Der 26-Jährige ist als "Stofftier-Aktivist" bei den Behörden aktenkundig. Nachdem er vor einem Regierungsgebäude Stofftiere aufgestellt hatte, die auf Schildern Pressefreiheit und die Freilassung von politischen Gefangenen fordern, musste er für zehn Tage ins Gefängnis. Insgesamt wurde er schon 16-mal zu einer "Verwaltungshaft" von bis zu 25 Tagen verurteilt. "Ich hatte diesmal Glück. Andere Aktivisten wurden nicht vor diese Wahl gestellt", sagt er.

Hinter der Fassade

Am 9. Mai wurden die Eishockey-Weltmeisterschaften in Minsk eröffnet. Die weißrussische Hauptstadt hat sich schick gemacht. Frisch gestrichene Straßenmarkierungen, bunte Tulpenbeete, U-Bahn-Durchsagen auf Englisch. Hinter der freundlichen Fassade hat Präsident Alexander Lukaschenko der Zivilgesellschaft jedoch eine neue Eiszeit verordnet: 30 Aktivisten wurden wegen "Rowdytums" und "Widerstands gegen die Staatsgewalt" zu Haftstrafen verurteilt. Der KGB hat hunderte Aktivisten verhört, eingeschüchtert oder zum Verlassen der Hauptstadt aufgefordert. Die erhoffte Amnestie für politisch Gefangene ist bis dato ausgeblieben: Der Menschenrechtler Ales Bjaljazki, der Ex-Präsidentschaftskandidat Mykalaj Statkewitsch und der Chef der Studentenorganisation "Junge Front" Eduard Lobau sitzen hinter Gittern.

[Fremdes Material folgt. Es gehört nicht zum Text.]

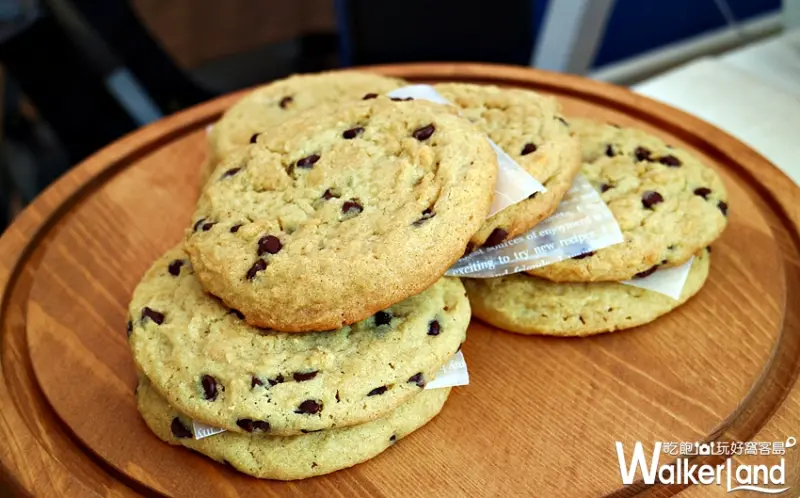 ​​桃園華泰名品城聖誕村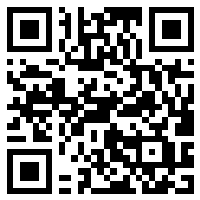 QR Code for ML3B14Qdu4KZko5MHSPjGT8muoPiZ8UNke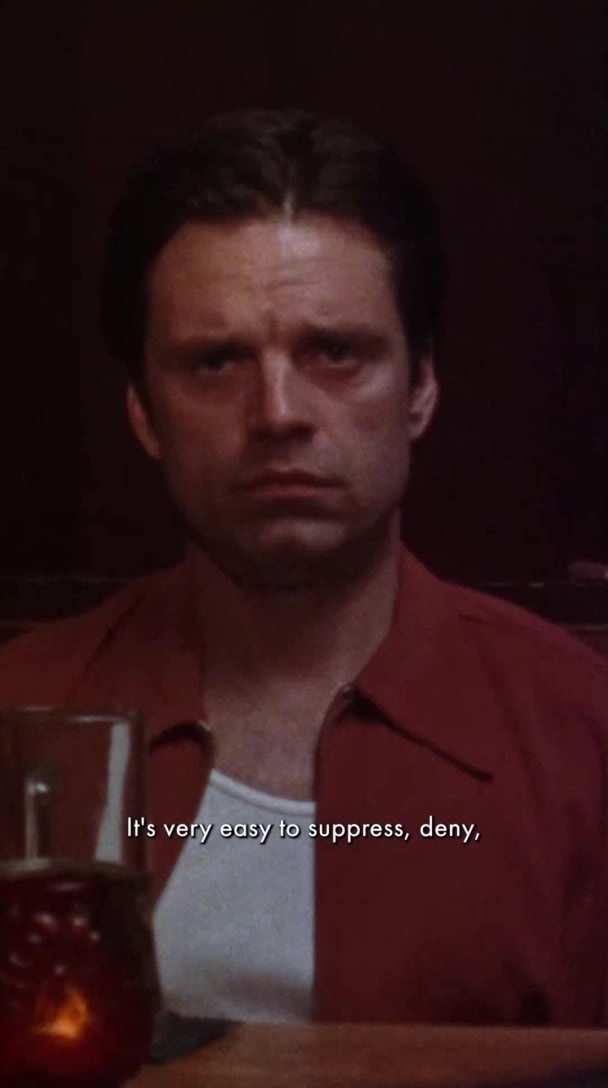 000_01_0068.jpeg 000_01_0068.jpeg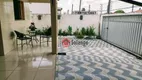 Foto 3 de Casa com 3 Quartos à venda, 132m² em José Américo de Almeida, João Pessoa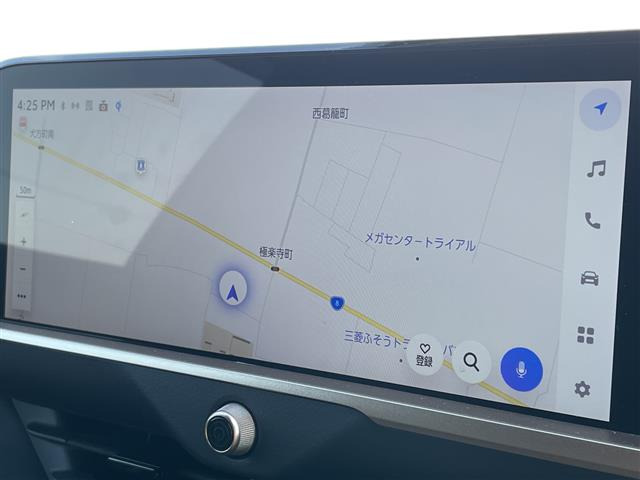 クラウンスポーツ2.5 Z E-Four 4WD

Die Eishockey-WM in der "letzten Diktatur Europas", wie Belarus oft genannt wird, ist umstritten. Auch die Intellektuellen des Landes sind darüber gespalten: "Wir sind ein derart isoliertes Land, deswegen halte ich jede Form des Austausches für eine Chance", sagt der Schriftsteller Wiktor Martinowitsch. Die Inhaftierungen hält er für einen "strategischen Fehler des Regimes": "Sie zeigen, dass in Belarus massiv Menschenrechte verletzt werden. Und das ist ein weitaus größerer Imageschaden als ein paar Demonstranten auf den Straßen", sagt Martinowitsch.

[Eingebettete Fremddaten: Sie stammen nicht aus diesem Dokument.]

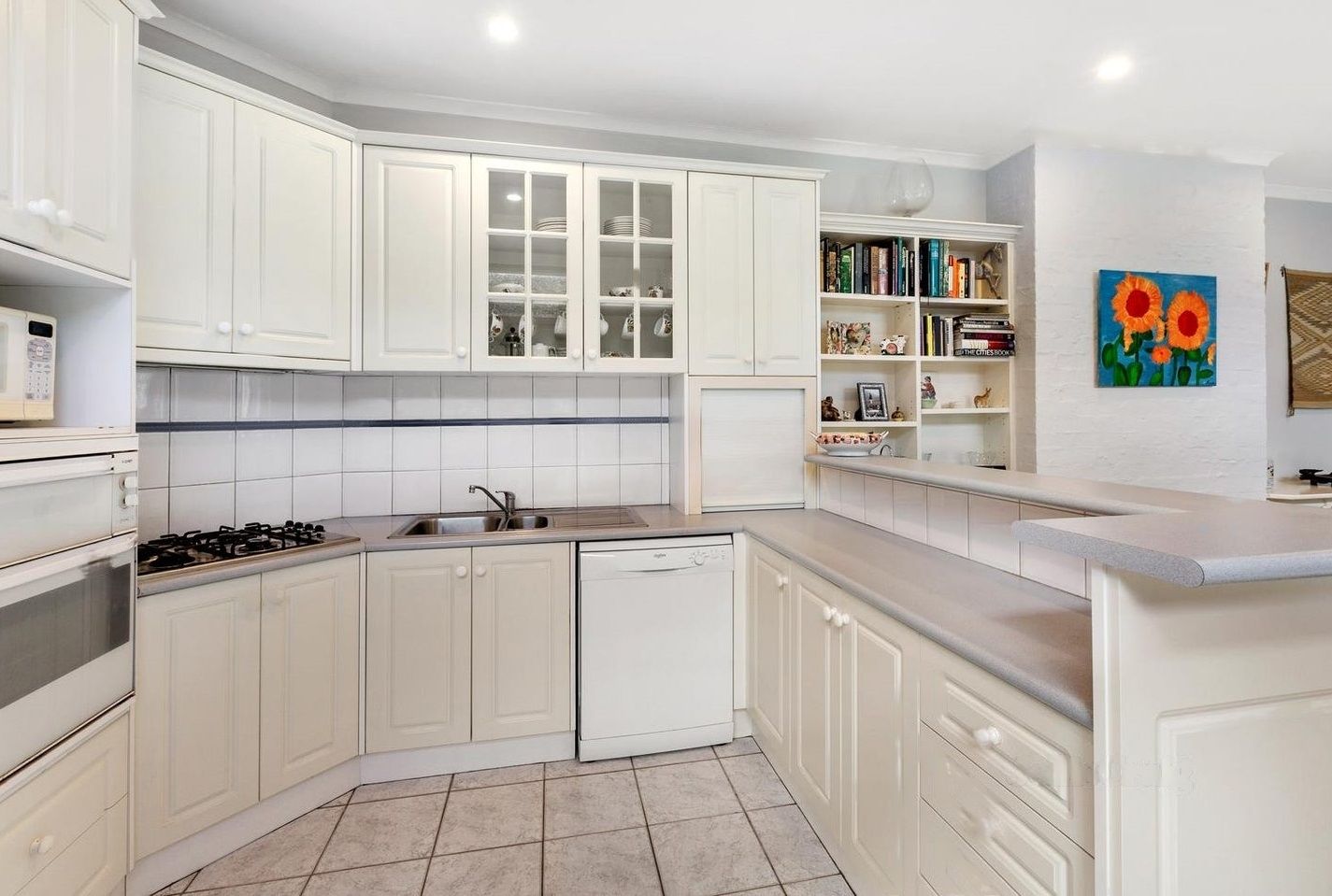 61 Mathoura Road, Toorak VIC 3142 House For Rent Domain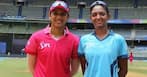 cricketcountry news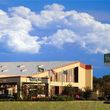 Holiday Inn Columbus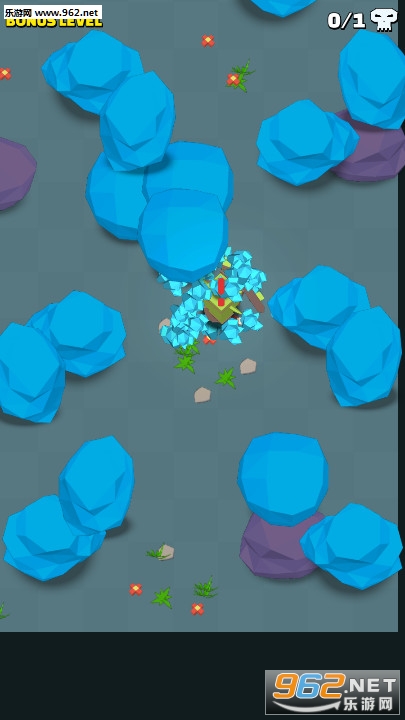����̿���Ϸv1.0.4��ͼ2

Witali Rymaschewski, Chef der belarussischen Christdemokraten, widerspricht dem vehement. Zwei seiner Parteimitglieder werden derzeit von den Behörden verfolgt. "Ich sehe keinen Nutzen, nur realen Schaden für die Aktivisten und ihre Angehörigen."

Steigende Popularität

Angesichts der Ukraine-Ereignisse rückt die Situation in Belarus allerdings in den Hintergrund. Das spielt Lukaschenko in die Hände: Laut unabhängigen Umfragen sind die Popularitätswerte Lukaschenkos zuletzt um fünf Prozent auf 40 gestiegen. Jahrelanger Aktivismus für eine Annäherung an Europa wurden in Wochen zunichte gemacht, sagt Alexander Milinkewitsch, Chef der Oppositionspartei "Sa Swobodu":"Die Menschen am Maidan haben europäische Flaggen geschwenkt - und was haben sie dafür bekommen? Krieg. Wir haben so hart für eine pro-europäische Stimmung im Land gekämpft - und mit einem Schlag wird das alles wieder umgekehrt", sagt Milinkewitsch.

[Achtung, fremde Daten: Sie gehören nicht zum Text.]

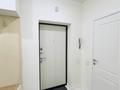 2-комнатная квартира · 58.7 м² · 10/12 этаж, мкр Дарабоз за 39.5 млн 〒 в Алматы, Алатауский р-н — фото 23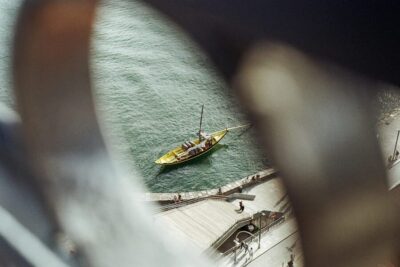 Porto: Analog Photography Workshop & Tour - The analog workshop in plain terms: what you actually learn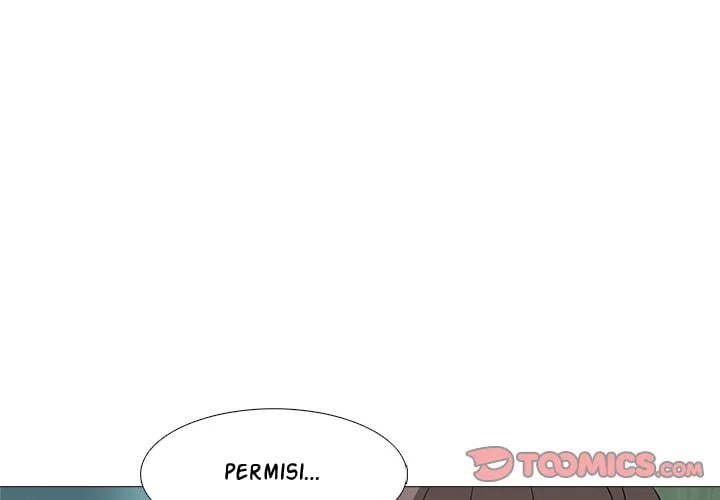 Extra Credit - Chapter 79 5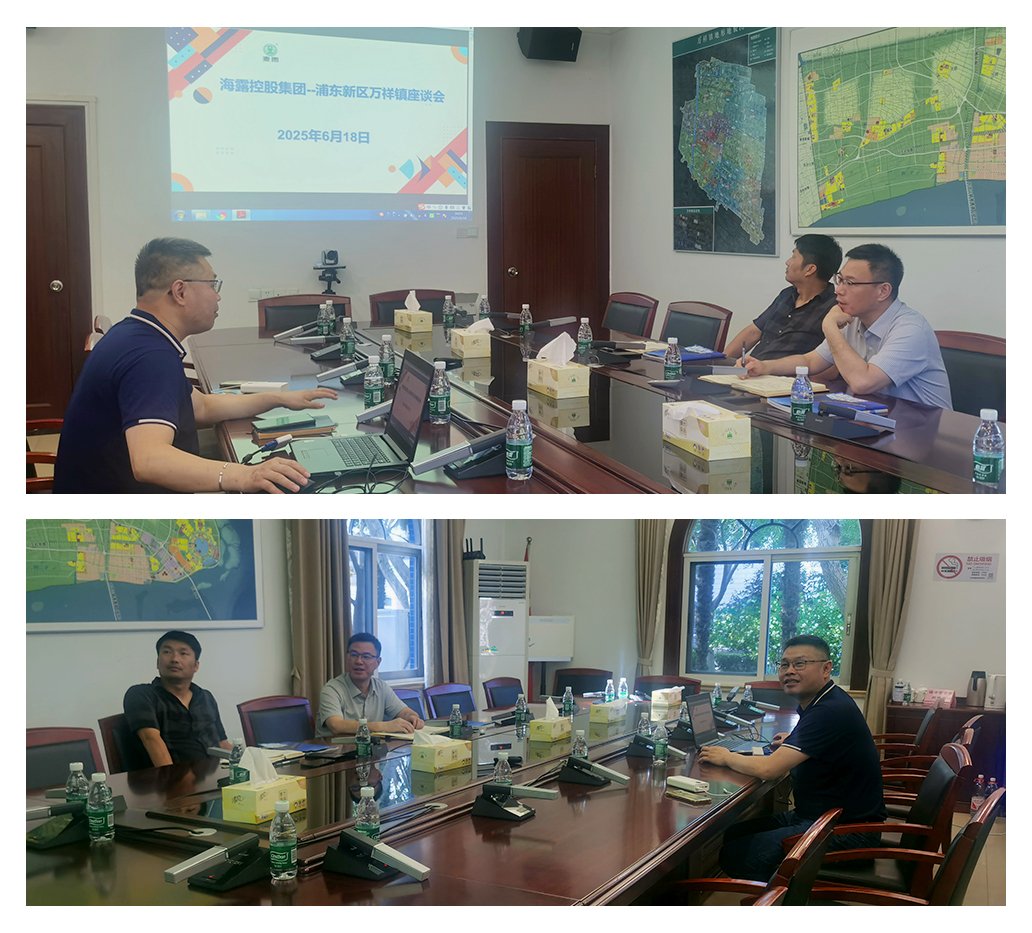 BB电子游戏·(中国)官方官网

Dabei hätte die EU gerade in der Ukraine-Krise einen Joker in der Hand gehabt, um auf Lukaschenko einzuwirken: So wurde das russische Verhalten auf der Krim und in der Ostukraine auch in Minsk mit großer Sorge beobachtet. Lukaschenko hat sich in der Krise gewählt ausgedrückt, und den ukrainischen Übergangspräsidenten Oleksandr Turtschinow - anders als der Kreml - immer als legitimen Präsidenten bezeichnet.

Zum Anpfiff der WM wurde bekannt, dass Belarus einen Kredit über zwei Milliarden Dollar aus Russland bekommen wird. Ende Mai soll ein Abkommen zwischen Belarus, Russland und Kasachstan unterzeichnet werden, um die Integration in eine Eurasische Wirtschaftsunion zu besiegeln. "Seien wir uns ehrlich: Die EU schert sich einen Dreck um Belarus", sagt Martinowitsch. "Dostojewski hat geschrieben: Wenn Gott tot ist, ist alles erlaubt. Und Europa ist für Lukaschenko leider gestorben. Also kann er machen, was er will."